EXERCISE REQUIREMENTS:
All of the data that follows is to be written out exactly, with images excluded.

┌─ EXERCISE DATA

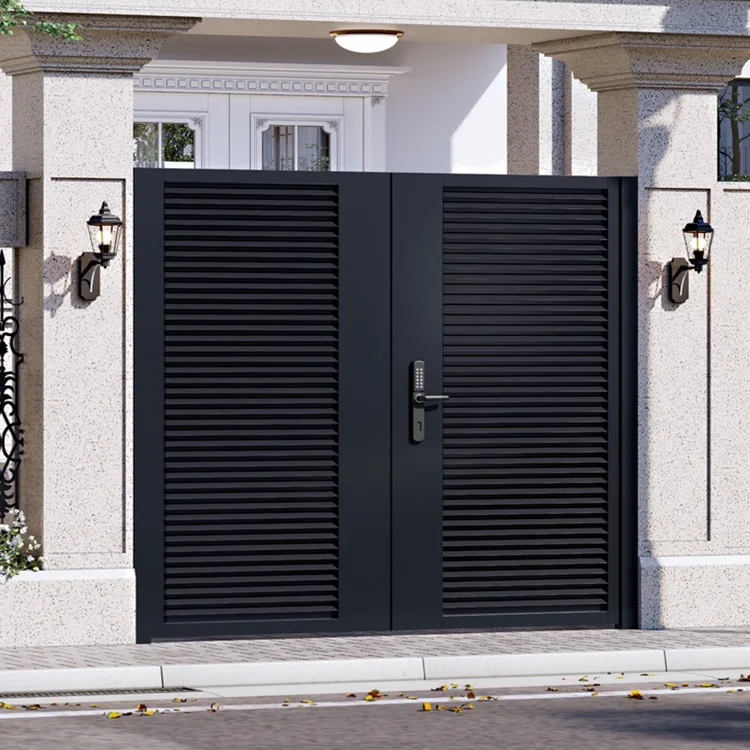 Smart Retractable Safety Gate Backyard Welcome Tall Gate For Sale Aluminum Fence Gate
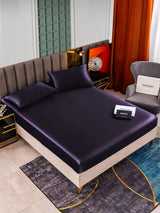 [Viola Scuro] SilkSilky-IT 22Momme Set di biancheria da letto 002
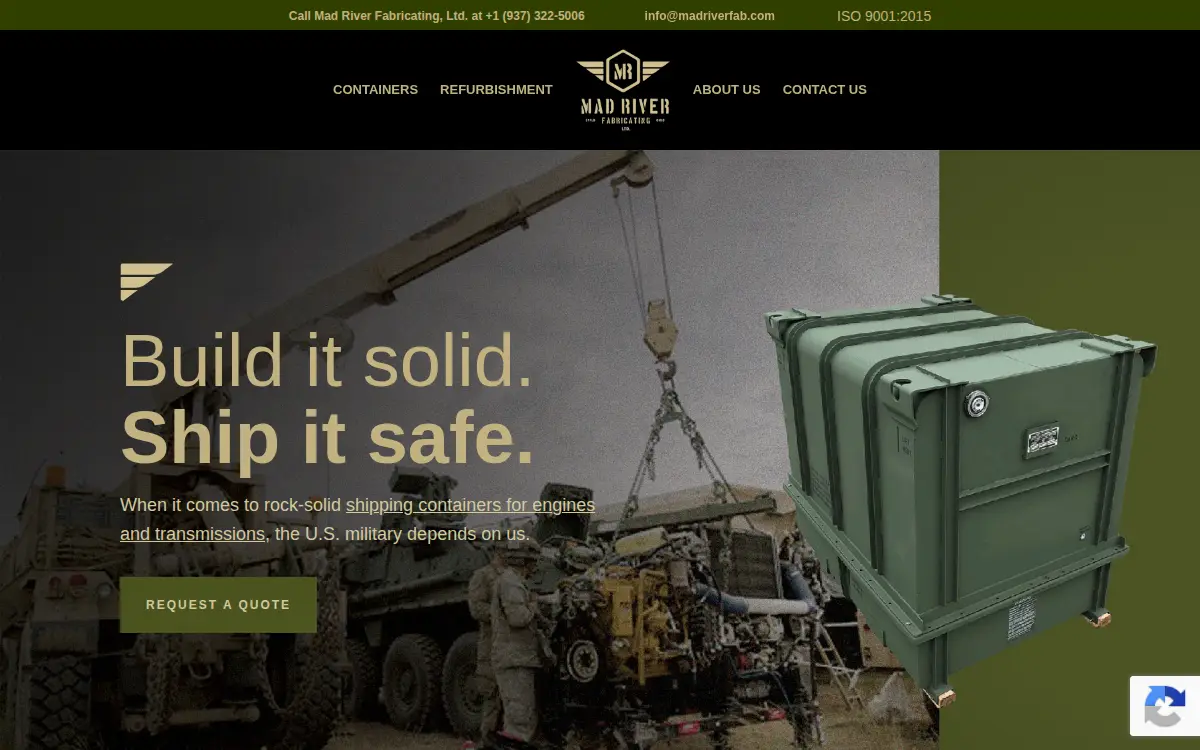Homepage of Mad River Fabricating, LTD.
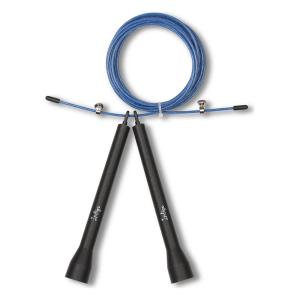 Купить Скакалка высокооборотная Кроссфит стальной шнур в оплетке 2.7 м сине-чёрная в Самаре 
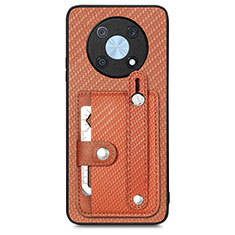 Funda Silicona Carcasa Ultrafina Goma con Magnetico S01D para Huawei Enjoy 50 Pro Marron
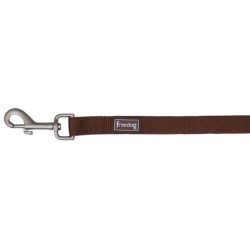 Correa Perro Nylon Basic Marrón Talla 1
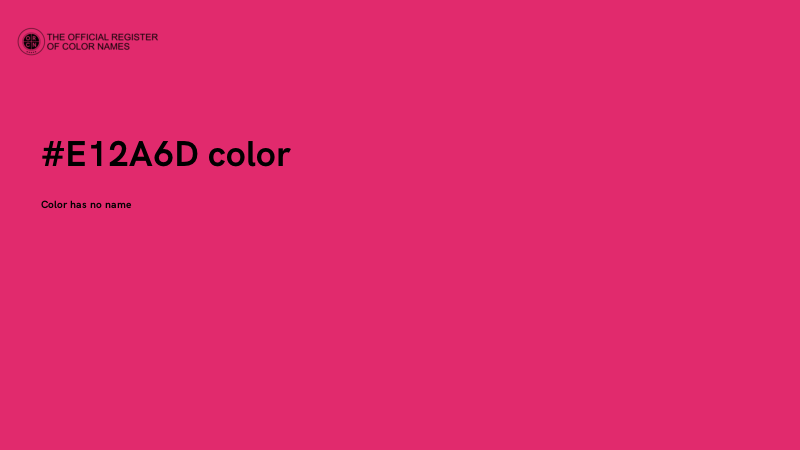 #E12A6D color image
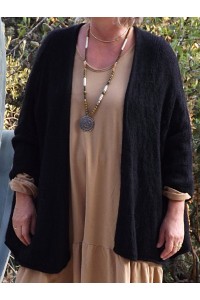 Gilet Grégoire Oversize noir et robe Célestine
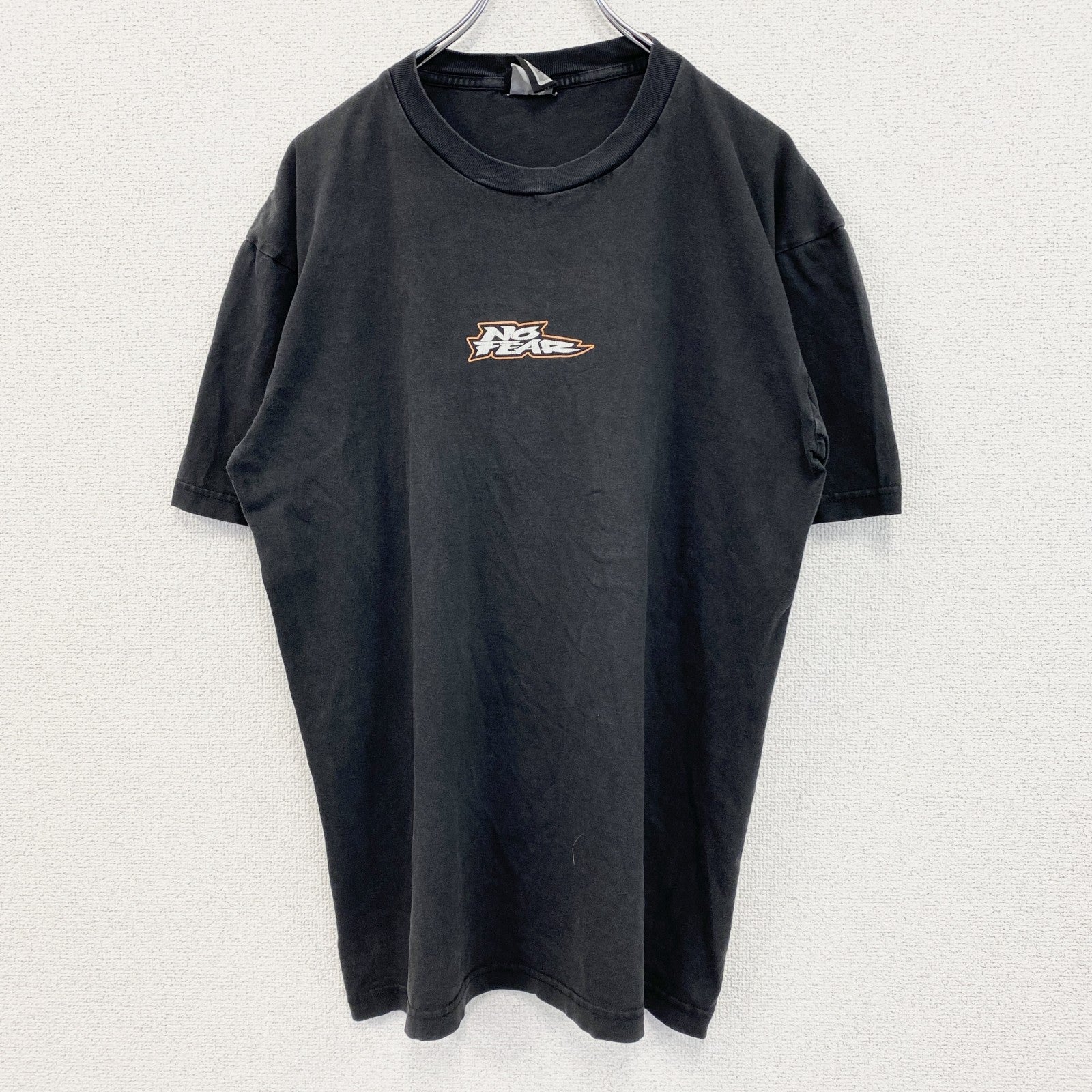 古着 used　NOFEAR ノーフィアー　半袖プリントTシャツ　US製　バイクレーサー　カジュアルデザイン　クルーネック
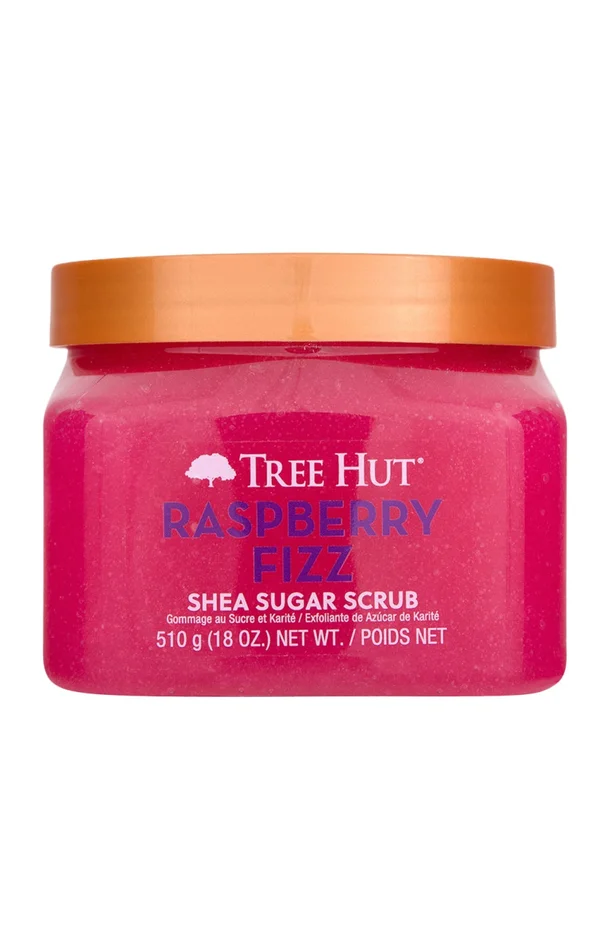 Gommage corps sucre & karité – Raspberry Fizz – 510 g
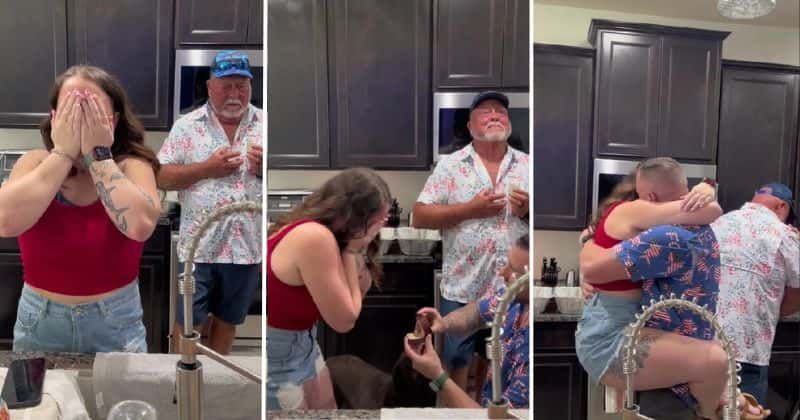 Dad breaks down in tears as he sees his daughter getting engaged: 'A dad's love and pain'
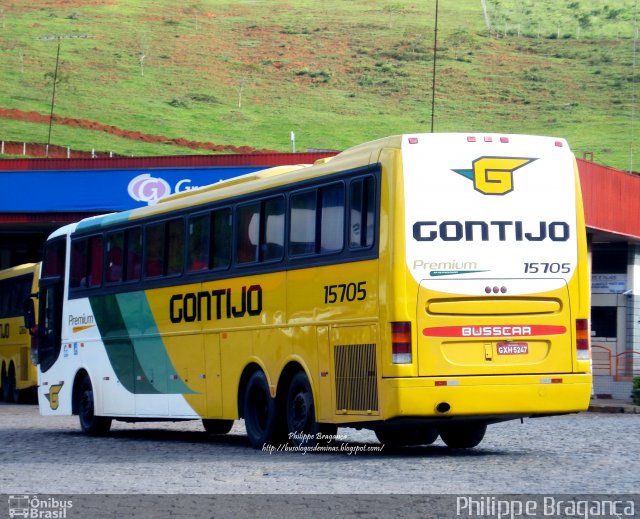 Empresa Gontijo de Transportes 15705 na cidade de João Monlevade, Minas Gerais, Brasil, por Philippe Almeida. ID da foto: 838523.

└─

TASK SOLUTION:
 Smart Retractable Safety Gate Backyard Welcome Tall Gate For Sale Aluminum Fence Gate
 [Viola Scuro] SilkSilky-IT 22Momme Set di biancheria da letto 002
Homepage of Mad River Fabricating, LTD.
 Купить Скакалка высокооборотная Кроссфит стальной шнур в оплетке 2.7 м сине-чёрная в Самаре 
 Funda Silicona Carcasa Ultrafina Goma con Magnetico S01D para Huawei Enjoy 50 Pro Marron
 Correa Perro Nylon Basic Marrón Talla 1
 #E12A6D color image
 Gilet Grégoire Oversize noir et robe Célestine
 古着 used　NOFEAR ノーフィアー　半袖プリントTシャツ　US製　バイクレーサー　カジュアルデザイン　クルーネック
 Gommage corps sucre & karité – Raspberry Fizz – 510 g
 Dad breaks down in tears as he sees his daughter getting engaged: 'A dad's love and pain'
 Empresa Gontijo de Transportes 15705 na cidade de João Monlevade, Minas Gerais, Brasil, por Philippe Almeida. ID da foto: 838523.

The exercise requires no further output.